The good news is that this step is complete. We’ve released the thylacine genome which is basically a complete genetic blueprint or set of instructions on how to build a thylacine.

This is an essential first step in any de-extinction project, and the likelihood of de-extincting the animal is completely reliant on the quality and accuracy of that genome.

To date, the thylacine represents the highest quality extinct genome for any species (and before you ask, yes, that includes the woolly mammoth and the dodo). However, this resource can still be improved.

Since we published the thylacine genome in 2017, advances in genome sequencing technology now provide many new options to further enhance the quality and build of the genome.

STEP 2:

This is another one the team have already completed. We now have the sequence for several species which represent the thylacine’s closest relatives, which includes the dunnart or marsupial mouse.

The species with the most similar DNA will provide the living cells and template genome that can then be edited to transform it into a thylacine genome.

STEP 3:

This is a large bioinformatics (or computational) project that compares marsupial genomes to identify all the differences that would potentially need to be edited into the hosts genome to create a ‘thylacine’ cell. This element is currently a major objective of the new TIGRR lab.

STEP 4:

This step is now in development with the TIGRR lab and the Australian Research Council. We have derived stem cells for our model marsupial species, the fat-tailed dunnart, from which a lot of the techniques needed for our thylacine de-extinction will be developed.

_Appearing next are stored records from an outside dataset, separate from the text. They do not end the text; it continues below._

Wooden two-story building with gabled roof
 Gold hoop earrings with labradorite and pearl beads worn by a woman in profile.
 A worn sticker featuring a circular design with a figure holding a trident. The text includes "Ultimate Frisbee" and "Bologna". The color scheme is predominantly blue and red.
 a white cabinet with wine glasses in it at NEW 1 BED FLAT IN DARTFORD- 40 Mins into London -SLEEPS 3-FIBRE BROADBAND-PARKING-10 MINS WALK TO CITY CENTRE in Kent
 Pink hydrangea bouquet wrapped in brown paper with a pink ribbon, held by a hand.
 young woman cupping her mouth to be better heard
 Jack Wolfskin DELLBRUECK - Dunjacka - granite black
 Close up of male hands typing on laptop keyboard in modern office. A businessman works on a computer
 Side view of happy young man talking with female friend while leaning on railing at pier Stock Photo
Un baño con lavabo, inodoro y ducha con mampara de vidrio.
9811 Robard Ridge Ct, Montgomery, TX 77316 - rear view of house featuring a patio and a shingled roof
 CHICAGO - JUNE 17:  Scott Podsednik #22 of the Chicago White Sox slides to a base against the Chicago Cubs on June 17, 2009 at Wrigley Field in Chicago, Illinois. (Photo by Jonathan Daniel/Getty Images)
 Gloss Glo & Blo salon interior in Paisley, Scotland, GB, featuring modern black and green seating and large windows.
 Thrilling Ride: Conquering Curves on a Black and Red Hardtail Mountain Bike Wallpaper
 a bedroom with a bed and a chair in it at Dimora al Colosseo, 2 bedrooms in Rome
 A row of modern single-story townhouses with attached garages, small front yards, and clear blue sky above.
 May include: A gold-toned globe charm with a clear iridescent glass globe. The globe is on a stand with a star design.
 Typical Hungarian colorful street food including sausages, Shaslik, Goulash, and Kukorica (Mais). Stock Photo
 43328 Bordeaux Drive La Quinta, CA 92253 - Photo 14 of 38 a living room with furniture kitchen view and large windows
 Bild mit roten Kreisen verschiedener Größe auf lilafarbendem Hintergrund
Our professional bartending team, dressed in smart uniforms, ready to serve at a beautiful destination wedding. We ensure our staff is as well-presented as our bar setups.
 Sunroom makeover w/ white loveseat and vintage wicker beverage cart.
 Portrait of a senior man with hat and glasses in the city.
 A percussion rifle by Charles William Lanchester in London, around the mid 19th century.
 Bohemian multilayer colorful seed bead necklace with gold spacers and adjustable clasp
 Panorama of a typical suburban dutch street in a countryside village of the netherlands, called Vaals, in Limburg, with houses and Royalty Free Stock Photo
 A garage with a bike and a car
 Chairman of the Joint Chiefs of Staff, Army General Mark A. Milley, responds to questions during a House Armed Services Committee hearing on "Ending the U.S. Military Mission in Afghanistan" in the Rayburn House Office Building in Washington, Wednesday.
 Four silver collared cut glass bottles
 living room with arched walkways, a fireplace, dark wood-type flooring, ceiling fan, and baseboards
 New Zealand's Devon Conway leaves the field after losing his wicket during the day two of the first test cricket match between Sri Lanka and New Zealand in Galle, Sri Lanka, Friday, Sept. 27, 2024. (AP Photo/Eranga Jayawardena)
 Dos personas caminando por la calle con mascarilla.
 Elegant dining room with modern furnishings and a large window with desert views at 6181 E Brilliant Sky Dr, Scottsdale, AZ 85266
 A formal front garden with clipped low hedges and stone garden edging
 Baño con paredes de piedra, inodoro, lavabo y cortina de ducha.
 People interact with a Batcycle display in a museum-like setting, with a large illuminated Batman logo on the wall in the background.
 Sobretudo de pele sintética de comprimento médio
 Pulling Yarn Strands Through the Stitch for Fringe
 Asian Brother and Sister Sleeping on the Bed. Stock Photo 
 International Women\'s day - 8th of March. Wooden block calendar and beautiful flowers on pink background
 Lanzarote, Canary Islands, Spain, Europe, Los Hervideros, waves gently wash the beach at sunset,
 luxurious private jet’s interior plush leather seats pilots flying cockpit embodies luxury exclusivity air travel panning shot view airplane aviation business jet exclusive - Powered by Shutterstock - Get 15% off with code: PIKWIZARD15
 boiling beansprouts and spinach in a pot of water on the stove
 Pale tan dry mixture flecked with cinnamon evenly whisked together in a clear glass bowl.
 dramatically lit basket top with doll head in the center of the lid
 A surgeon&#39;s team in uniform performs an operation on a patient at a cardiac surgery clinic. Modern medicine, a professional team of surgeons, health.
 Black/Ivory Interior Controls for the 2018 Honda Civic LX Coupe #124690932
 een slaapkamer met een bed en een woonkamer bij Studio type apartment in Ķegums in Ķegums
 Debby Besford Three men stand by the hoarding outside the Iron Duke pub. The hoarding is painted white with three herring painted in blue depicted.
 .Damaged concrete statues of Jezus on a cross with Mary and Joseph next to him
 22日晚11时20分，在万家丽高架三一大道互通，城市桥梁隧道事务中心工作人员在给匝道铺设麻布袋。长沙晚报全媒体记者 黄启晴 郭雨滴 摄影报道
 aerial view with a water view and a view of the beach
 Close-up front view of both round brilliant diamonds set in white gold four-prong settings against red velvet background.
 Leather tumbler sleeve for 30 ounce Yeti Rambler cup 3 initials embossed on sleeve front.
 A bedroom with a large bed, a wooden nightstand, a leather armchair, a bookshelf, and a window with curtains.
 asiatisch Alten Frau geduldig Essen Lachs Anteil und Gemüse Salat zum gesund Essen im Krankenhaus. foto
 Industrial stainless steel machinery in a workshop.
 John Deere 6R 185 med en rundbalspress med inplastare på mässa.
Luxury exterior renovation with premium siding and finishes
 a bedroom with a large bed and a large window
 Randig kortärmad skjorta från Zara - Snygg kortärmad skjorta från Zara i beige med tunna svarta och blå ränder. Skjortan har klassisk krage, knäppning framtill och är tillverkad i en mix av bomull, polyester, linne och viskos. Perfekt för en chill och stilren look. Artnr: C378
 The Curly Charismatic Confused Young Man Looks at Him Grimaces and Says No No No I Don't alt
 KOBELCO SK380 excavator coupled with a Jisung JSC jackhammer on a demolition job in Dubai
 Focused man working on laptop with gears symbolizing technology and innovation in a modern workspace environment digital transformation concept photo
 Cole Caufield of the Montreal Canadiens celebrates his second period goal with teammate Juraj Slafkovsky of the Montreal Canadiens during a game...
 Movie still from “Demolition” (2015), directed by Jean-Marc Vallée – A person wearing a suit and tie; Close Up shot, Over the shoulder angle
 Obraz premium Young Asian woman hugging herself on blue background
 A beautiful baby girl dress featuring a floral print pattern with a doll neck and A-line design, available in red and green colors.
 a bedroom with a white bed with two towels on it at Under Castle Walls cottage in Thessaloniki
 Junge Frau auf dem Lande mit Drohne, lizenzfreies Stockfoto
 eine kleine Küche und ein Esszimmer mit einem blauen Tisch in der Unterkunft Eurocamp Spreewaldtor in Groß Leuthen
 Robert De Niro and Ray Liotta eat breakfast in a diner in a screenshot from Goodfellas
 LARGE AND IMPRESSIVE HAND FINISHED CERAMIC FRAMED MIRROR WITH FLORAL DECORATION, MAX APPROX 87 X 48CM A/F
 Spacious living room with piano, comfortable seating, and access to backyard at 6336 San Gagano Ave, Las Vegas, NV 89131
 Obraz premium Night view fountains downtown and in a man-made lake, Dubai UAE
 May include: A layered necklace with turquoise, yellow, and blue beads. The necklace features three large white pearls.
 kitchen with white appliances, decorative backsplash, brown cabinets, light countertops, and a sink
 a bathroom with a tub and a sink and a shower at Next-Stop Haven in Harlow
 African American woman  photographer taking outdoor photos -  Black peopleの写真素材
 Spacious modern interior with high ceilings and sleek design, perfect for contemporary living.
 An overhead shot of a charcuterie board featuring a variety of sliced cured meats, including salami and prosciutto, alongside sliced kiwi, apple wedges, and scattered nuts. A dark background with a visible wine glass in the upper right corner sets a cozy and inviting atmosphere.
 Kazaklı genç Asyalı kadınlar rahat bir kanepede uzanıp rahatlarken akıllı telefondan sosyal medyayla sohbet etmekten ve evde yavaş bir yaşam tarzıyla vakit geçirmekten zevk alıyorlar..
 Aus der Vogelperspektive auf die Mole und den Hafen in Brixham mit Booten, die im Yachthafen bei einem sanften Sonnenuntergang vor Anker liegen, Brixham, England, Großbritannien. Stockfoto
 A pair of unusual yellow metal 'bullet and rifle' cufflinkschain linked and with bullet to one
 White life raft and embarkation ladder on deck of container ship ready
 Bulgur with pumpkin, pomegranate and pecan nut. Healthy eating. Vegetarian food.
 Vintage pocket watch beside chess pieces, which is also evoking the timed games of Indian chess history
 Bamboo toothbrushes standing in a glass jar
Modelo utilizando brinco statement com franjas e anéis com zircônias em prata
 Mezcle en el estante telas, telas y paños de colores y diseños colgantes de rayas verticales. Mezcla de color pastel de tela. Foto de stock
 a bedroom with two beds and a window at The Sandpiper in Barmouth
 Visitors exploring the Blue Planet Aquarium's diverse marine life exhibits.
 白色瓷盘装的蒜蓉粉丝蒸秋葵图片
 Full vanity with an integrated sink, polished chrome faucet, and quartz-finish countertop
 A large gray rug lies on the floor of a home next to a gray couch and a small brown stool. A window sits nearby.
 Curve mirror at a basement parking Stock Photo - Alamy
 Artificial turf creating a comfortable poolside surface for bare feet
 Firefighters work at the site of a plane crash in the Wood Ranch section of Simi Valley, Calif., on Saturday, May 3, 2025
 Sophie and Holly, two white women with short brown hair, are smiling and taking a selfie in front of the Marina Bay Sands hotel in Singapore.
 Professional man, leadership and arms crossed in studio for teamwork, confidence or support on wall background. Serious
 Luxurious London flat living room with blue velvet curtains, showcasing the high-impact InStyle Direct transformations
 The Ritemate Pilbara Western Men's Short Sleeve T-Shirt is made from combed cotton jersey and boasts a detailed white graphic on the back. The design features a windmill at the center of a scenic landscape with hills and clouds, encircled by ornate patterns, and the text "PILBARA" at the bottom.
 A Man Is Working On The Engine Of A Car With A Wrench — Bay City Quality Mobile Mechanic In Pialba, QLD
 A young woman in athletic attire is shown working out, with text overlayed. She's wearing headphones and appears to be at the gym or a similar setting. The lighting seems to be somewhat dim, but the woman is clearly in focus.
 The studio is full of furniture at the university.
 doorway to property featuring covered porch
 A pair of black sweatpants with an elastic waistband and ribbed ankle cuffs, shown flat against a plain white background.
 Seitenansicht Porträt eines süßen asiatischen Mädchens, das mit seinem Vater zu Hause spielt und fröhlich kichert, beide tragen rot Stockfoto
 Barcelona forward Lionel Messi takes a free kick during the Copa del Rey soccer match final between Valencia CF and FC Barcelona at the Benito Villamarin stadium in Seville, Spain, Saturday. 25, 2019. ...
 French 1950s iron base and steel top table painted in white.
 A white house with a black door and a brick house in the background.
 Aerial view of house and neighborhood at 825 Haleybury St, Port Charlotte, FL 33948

As part of TIGRR lab, we will establish methods that work in all marsupials. With this tool, we can effectively bio-bank diversity in ‘at-risk’ marsupial populations and protect against the loss of species that are threatened or endangered.

STEPS 5 TO 7

These steps require the development of assisted reproductive technologies (ART) for marsupials and is in development with the TIGRR lab. These techniques are required to use living stem cells to make an embryo and then successfully transfer it into a host species’ uterus.

STEPS 8 TO 9:

This is where de-extinction efforts for marsupials have a distinct advantage over other mammals. All marsupials give birth to tiny young which complete development in the pouch while suckling milk.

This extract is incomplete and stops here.